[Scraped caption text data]
--- START ---
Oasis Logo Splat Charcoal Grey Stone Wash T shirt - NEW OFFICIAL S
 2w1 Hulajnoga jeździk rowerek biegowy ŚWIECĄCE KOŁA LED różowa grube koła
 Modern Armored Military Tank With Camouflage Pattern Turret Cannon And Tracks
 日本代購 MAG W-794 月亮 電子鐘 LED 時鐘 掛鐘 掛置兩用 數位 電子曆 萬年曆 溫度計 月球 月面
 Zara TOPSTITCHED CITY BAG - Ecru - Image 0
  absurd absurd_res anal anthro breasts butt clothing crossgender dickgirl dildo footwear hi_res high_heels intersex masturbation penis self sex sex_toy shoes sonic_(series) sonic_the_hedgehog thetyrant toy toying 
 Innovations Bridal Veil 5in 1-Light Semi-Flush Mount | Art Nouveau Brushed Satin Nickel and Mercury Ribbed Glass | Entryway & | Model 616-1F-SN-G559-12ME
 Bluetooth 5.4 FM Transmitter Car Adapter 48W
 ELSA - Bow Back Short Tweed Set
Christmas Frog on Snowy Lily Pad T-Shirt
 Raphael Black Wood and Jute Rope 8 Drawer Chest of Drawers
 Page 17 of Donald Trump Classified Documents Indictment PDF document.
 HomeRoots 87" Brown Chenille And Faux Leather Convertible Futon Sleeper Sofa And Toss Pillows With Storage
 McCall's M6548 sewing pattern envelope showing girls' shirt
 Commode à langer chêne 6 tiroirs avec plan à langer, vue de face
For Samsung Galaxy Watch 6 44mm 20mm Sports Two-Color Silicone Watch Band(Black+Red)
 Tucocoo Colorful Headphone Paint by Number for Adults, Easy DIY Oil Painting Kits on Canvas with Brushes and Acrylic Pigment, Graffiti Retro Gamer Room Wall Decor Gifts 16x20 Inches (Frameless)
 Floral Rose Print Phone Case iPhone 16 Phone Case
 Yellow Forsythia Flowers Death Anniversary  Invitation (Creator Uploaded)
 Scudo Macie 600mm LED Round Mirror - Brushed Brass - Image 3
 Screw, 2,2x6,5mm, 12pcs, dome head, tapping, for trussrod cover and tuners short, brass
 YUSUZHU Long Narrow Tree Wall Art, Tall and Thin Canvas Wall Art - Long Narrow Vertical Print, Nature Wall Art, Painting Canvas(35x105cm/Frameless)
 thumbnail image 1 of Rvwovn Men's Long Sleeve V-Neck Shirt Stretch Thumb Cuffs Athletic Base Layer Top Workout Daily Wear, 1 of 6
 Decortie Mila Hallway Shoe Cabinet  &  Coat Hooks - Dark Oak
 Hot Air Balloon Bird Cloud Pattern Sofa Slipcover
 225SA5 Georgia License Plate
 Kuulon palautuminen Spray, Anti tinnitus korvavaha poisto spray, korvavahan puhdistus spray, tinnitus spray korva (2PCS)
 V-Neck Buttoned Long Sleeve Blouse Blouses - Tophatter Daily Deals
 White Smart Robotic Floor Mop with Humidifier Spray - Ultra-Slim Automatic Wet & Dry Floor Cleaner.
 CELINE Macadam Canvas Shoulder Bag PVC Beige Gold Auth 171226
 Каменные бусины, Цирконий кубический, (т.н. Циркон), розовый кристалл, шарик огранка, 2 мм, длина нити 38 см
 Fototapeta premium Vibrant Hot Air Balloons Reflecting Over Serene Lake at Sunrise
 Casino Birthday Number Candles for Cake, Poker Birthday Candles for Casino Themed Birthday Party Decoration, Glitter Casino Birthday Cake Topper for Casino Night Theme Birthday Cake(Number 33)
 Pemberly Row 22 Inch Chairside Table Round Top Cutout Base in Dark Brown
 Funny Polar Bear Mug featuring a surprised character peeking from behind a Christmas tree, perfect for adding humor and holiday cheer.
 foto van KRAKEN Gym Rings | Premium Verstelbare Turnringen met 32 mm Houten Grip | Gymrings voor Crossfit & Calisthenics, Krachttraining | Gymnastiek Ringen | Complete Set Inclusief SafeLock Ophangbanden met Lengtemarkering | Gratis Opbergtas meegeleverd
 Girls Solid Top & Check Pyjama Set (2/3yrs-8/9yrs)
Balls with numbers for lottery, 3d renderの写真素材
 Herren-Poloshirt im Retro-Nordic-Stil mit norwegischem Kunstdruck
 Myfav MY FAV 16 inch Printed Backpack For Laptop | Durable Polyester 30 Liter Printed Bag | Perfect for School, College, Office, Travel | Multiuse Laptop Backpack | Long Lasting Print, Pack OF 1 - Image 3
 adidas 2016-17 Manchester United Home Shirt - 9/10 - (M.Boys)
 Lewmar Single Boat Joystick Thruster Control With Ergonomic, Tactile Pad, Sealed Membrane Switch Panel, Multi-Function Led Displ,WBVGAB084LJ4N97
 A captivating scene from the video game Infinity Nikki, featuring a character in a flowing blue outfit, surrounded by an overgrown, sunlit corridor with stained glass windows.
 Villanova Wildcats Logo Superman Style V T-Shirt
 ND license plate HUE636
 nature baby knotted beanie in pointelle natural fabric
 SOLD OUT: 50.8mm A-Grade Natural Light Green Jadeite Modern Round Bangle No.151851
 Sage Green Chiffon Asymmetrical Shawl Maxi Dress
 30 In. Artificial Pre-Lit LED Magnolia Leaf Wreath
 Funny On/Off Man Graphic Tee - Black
--- END ---
AIM OF THE EXERCISE – The records above are to be printed out again exactly, without omission.

ANSWER AREA –
Oasis Logo Splat Charcoal Grey Stone Wash T shirt - NEW OFFICIAL S
 2w1 Hulajnoga jeździk rowerek biegowy ŚWIECĄCE KOŁA LED różowa grube koła
 Modern Armored Military Tank With Camouflage Pattern Turret Cannon And Tracks
 日本代購 MAG W-794 月亮 電子鐘 LED 時鐘 掛鐘 掛置兩用 數位 電子曆 萬年曆 溫度計 月球 月面
 Zara TOPSTITCHED CITY BAG - Ecru - Image 0
  absurd absurd_res anal anthro breasts butt clothing crossgender dickgirl dildo footwear hi_res high_heels intersex masturbation penis self sex sex_toy shoes sonic_(series) sonic_the_hedgehog thetyrant toy toying 
 Innovations Bridal Veil 5in 1-Light Semi-Flush Mount | Art Nouveau Brushed Satin Nickel and Mercury Ribbed Glass | Entryway & | Model 616-1F-SN-G559-12ME
 Bluetooth 5.4 FM Transmitter Car Adapter 48W
 ELSA - Bow Back Short Tweed Set
Christmas Frog on Snowy Lily Pad T-Shirt
 Raphael Black Wood and Jute Rope 8 Drawer Chest of Drawers
 Page 17 of Donald Trump Classified Documents Indictment PDF document.
 HomeRoots 87" Brown Chenille And Faux Leather Convertible Futon Sleeper Sofa And Toss Pillows With Storage
 McCall's M6548 sewing pattern envelope showing girls' shirt
 Commode à langer chêne 6 tiroirs avec plan à langer, vue de face
For Samsung Galaxy Watch 6 44mm 20mm Sports Two-Color Silicone Watch Band(Black+Red)
 Tucocoo Colorful Headphone Paint by Number for Adults, Easy DIY Oil Painting Kits on Canvas with Brushes and Acrylic Pigment, Graffiti Retro Gamer Room Wall Decor Gifts 16x20 Inches (Frameless)
 Floral Rose Print Phone Case iPhone 16 Phone Case
 Yellow Forsythia Flowers Death Anniversary  Invitation (Creator Uploaded)
 Scudo Macie 600mm LED Round Mirror - Brushed Brass - Image 3
 Screw, 2,2x6,5mm, 12pcs, dome head, tapping, for trussrod cover and tuners short, brass
 YUSUZHU Long Narrow Tree Wall Art, Tall and Thin Canvas Wall Art - Long Narrow Vertical Print, Nature Wall Art, Painting Canvas(35x105cm/Frameless)
 thumbnail image 1 of Rvwovn Men's Long Sleeve V-Neck Shirt Stretch Thumb Cuffs Athletic Base Layer Top Workout Daily Wear, 1 of 6
 Decortie Mila Hallway Shoe Cabinet  &  Coat Hooks - Dark Oak
 Hot Air Balloon Bird Cloud Pattern Sofa Slipcover
 225SA5 Georgia License Plate
 Kuulon palautuminen Spray, Anti tinnitus korvavaha poisto spray, korvavahan puhdistus spray, tinnitus spray korva (2PCS)
 V-Neck Buttoned Long Sleeve Blouse Blouses - Tophatter Daily Deals
 White Smart Robotic Floor Mop with Humidifier Spray - Ultra-Slim Automatic Wet & Dry Floor Cleaner.
 CELINE Macadam Canvas Shoulder Bag PVC Beige Gold Auth 171226
 Каменные бусины, Цирконий кубический, (т.н. Циркон), розовый кристалл, шарик огранка, 2 мм, длина нити 38 см
 Fototapeta premium Vibrant Hot Air Balloons Reflecting Over Serene Lake at Sunrise
 Casino Birthday Number Candles for Cake, Poker Birthday Candles for Casino Themed Birthday Party Decoration, Glitter Casino Birthday Cake Topper for Casino Night Theme Birthday Cake(Number 33)
 Pemberly Row 22 Inch Chairside Table Round Top Cutout Base in Dark Brown
 Funny Polar Bear Mug featuring a surprised character peeking from behind a Christmas tree, perfect for adding humor and holiday cheer.
 foto van KRAKEN Gym Rings | Premium Verstelbare Turnringen met 32 mm Houten Grip | Gymrings voor Crossfit & Calisthenics, Krachttraining | Gymnastiek Ringen | Complete Set Inclusief SafeLock Ophangbanden met Lengtemarkering | Gratis Opbergtas meegeleverd
 Girls Solid Top & Check Pyjama Set (2/3yrs-8/9yrs)
Balls with numbers for lottery, 3d renderの写真素材
 Herren-Poloshirt im Retro-Nordic-Stil mit norwegischem Kunstdruck
 Myfav MY FAV 16 inch Printed Backpack For Laptop | Durable Polyester 30 Liter Printed Bag | Perfect for School, College, Office, Travel | Multiuse Laptop Backpack | Long Lasting Print, Pack OF 1 - Image 3
 adidas 2016-17 Manchester United Home Shirt - 9/10 - (M.Boys)
 Lewmar Single Boat Joystick Thruster Control With Ergonomic, Tactile Pad, Sealed Membrane Switch Panel, Multi-Function Led Displ,WBVGAB084LJ4N97
 A captivating scene from the video game Infinity Nikki, featuring a character in a flowing blue outfit, surrounded by an overgrown, sunlit corridor with stained glass windows.
 Villanova Wildcats Logo Superman Style V T-Shirt
 ND license plate HUE636
 nature baby knotted beanie in pointelle natural fabric
 SOLD OUT: 50.8mm A-Grade Natural Light Green Jadeite Modern Round Bangle No.151851
 Sage Green Chiffon Asymmetrical Shawl Maxi Dress
 30 In. Artificial Pre-Lit LED Magnolia Leaf Wreath
 Funny On/Off Man Graphic Tee - Black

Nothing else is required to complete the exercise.